SUPPLIED DATA:
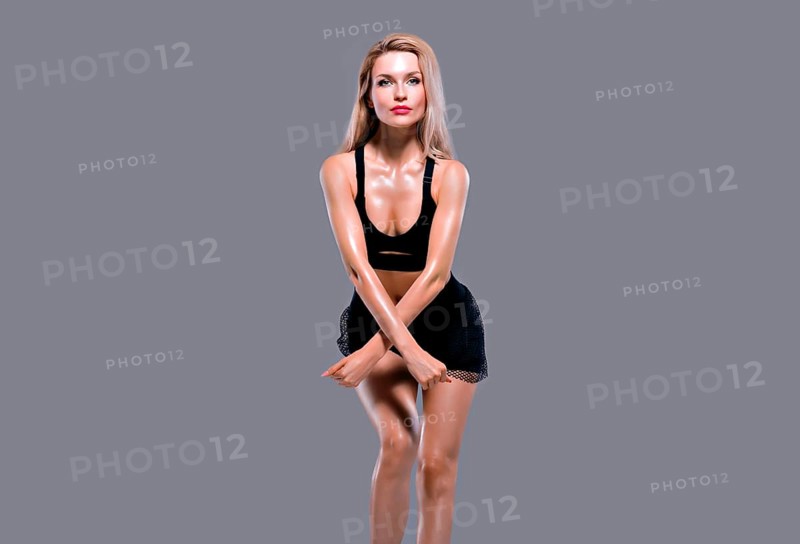 Charming sporty girl posing in sportswear and showing her chic body.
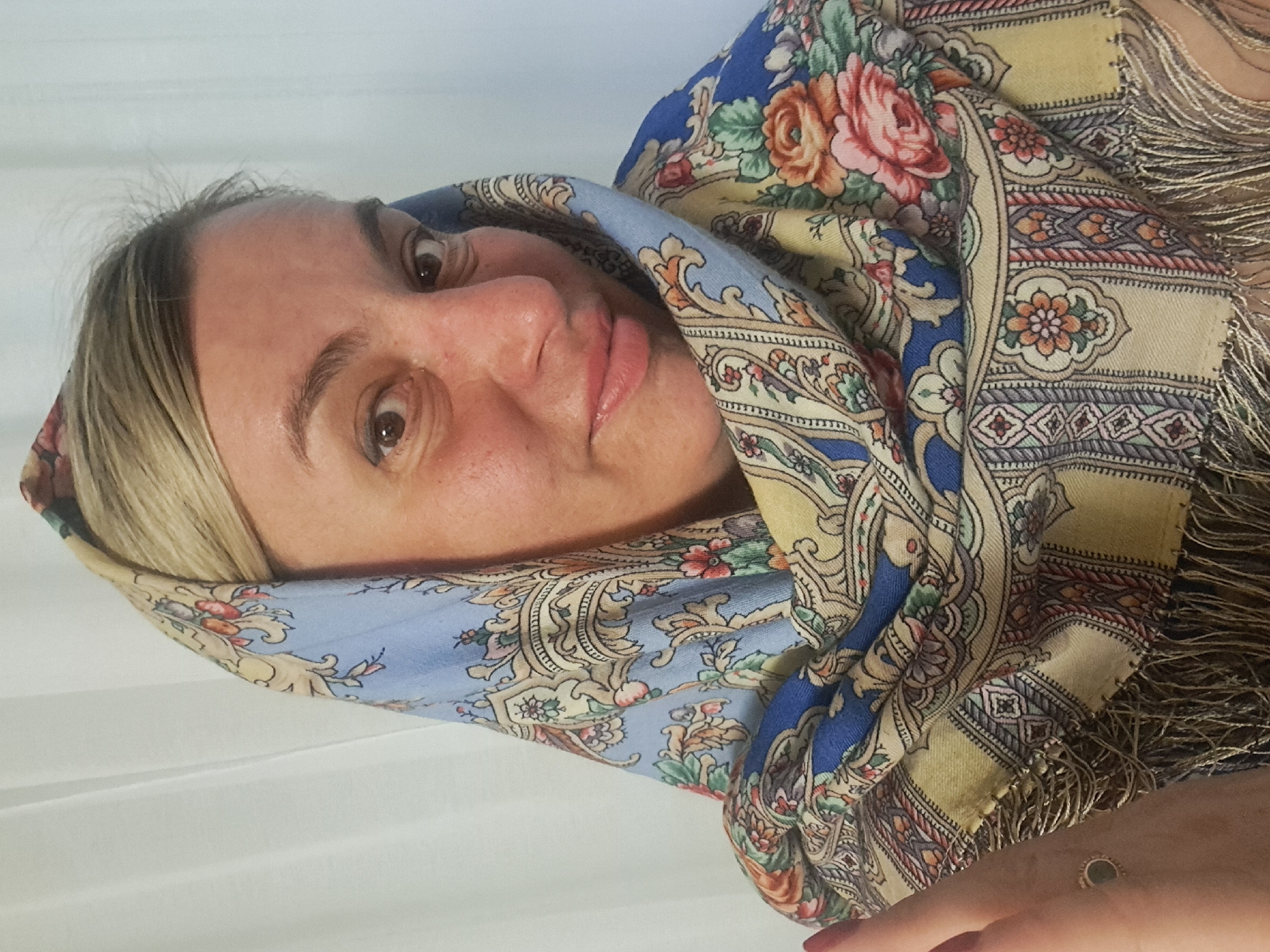 Woman displays floral scarves, cats rest in Elektrostal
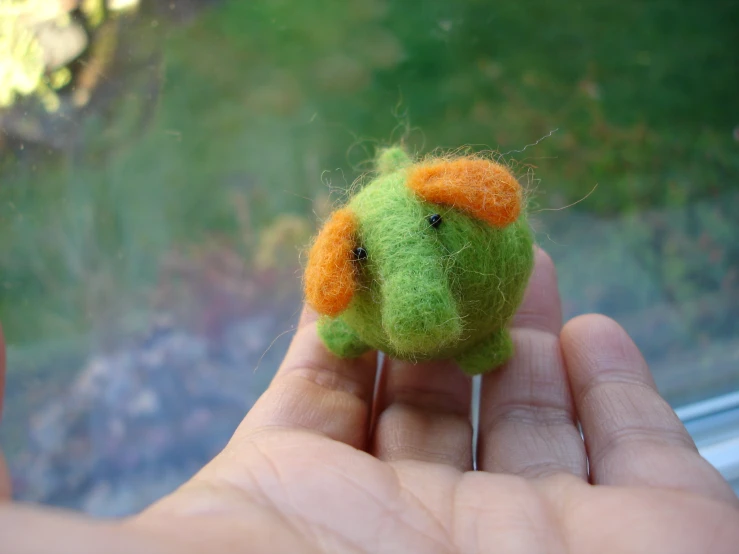 a tiny toy animal that is sitting in a hand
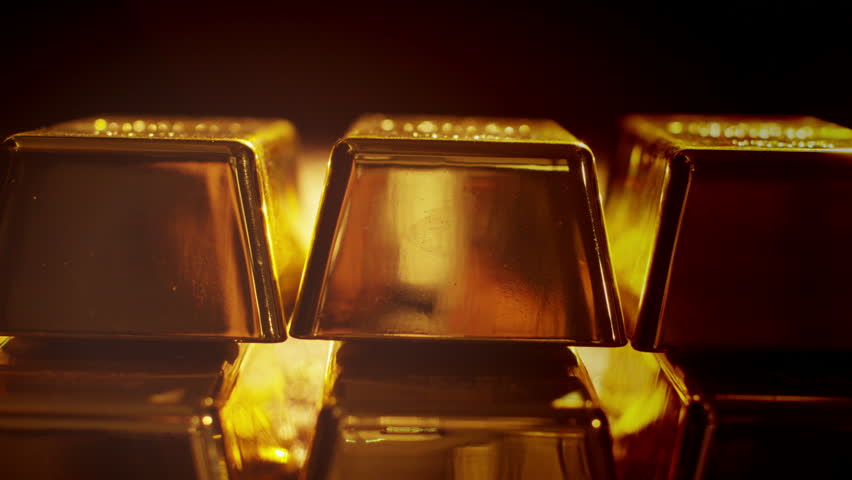 Gold bars, coins and riches. A scene of cluttered treasure and diamonds. Unimaginable wealth.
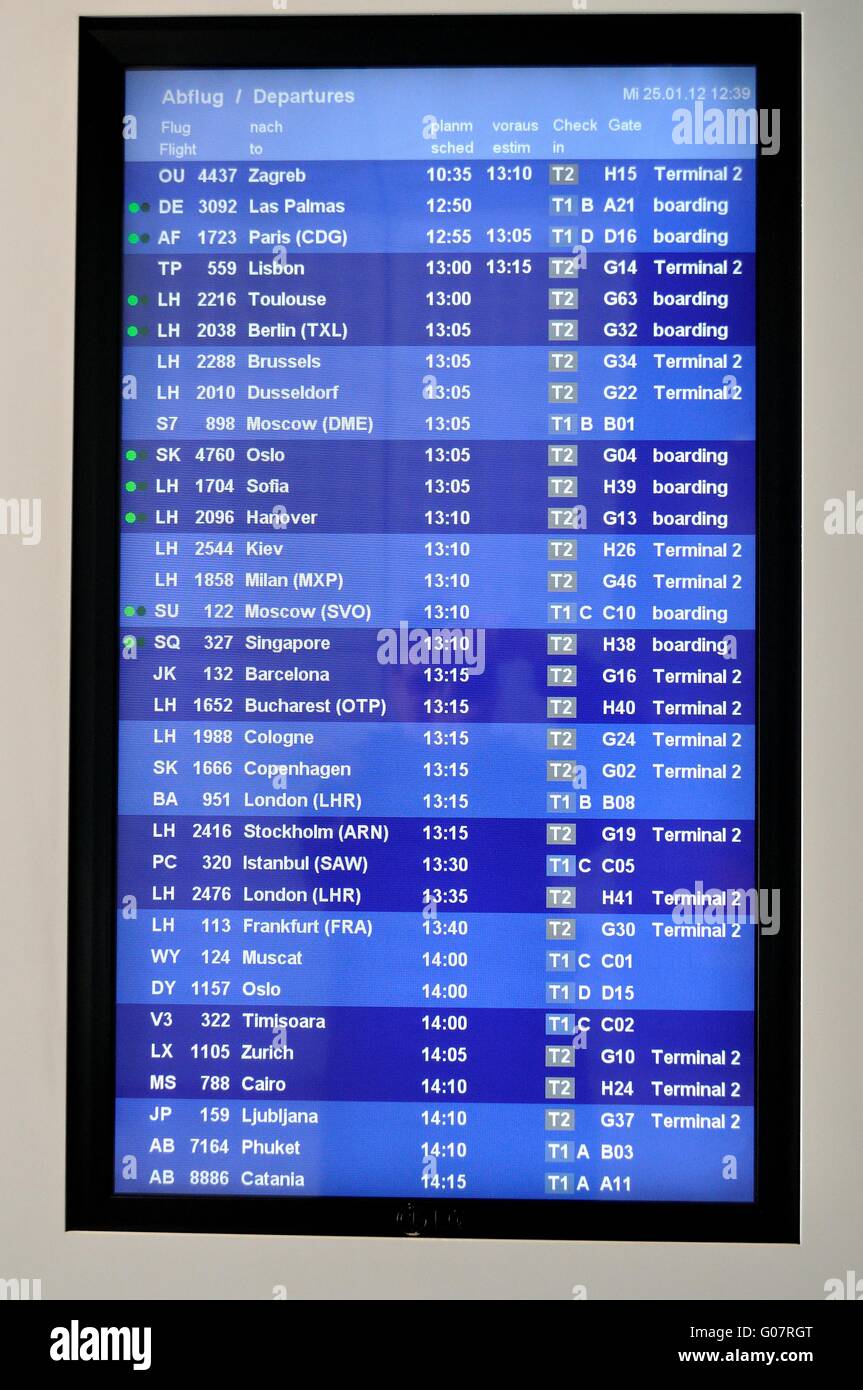 Airport departures information board Stock Photo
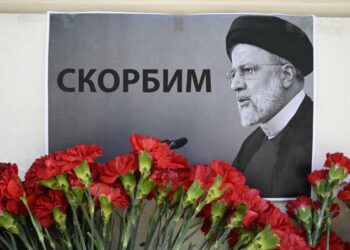 People bring flowers to the Iranian embassy to pay tribute to Iran's President Ebrahim Raisi and Foreign Minister Hossein Amir-Abdollahian, in Moscow on May 20, 2024. The placard with a Raisi portrait reads "(We) mourn". Russian President Vladimir Putin on May 20, 2024 hailed Iranian President Ebrahim Raisi as an "outstanding politician" and said his death in a helicopter crash was an "irreplaceable loss." Raisi was declared dead on on May 20, 2024 after rescue teams found his crashed helicopter in a fog-shrouded western mountain region of Iran. (Photo by Alexander NEMENOV / AFP)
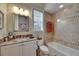 Elegant bathroom featuring granite countertops, custom tile, and natural light at 624 Balibay Rd, Apollo Beach, FL 33572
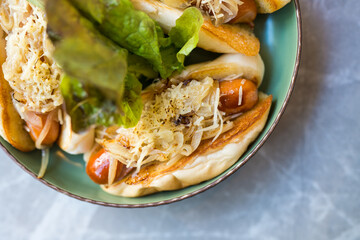 A bread filled sausage served on dish. Top view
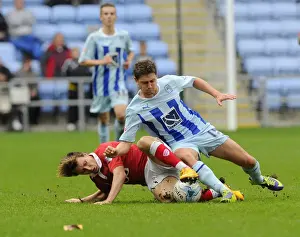 Coventry City V Bristol City Prints: Battling for Control: Freeman vs. Miller in Sky Bet League One Clash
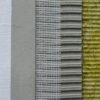Cross-section of wall insulation layers: plaster, adhesive, reinforcing mesh, adhesive layer, and mineral wool.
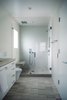The size of the master bath was increased during the renovation. The windowpane in the shower is sandblasted for privacy. The shower features traditional shower head; hand held shower; and rain shower above bench. Photo 17 of Golden Gate Park Residence modern home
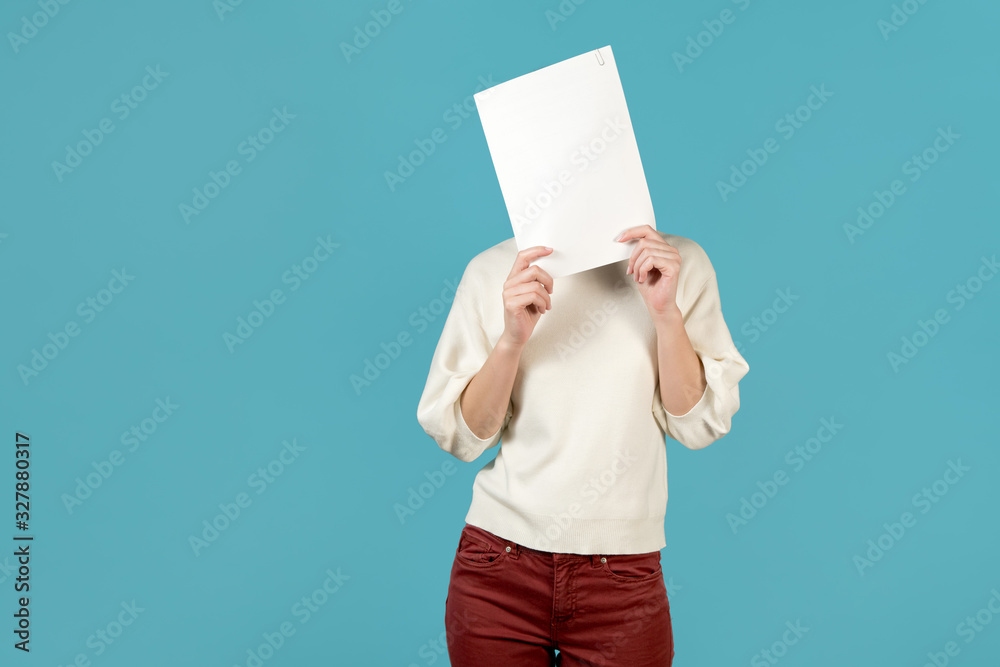 girl covers her face with a stack of papers girl covers her face with a stack of papers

DIRECTIONS FOR THIS TASK: Copy word for word the lines of the records above from the one with "a tiny toy animal that is sitting in a hand" up to and including the one with "Airport departures information". Skip the pictures.

RESULT OF THE EXERCISE:
 a tiny toy animal that is sitting in a hand
 Gold bars, coins and riches. A scene of cluttered treasure and diamonds. Unimaginable wealth.
 Airport departures information board Stock Photo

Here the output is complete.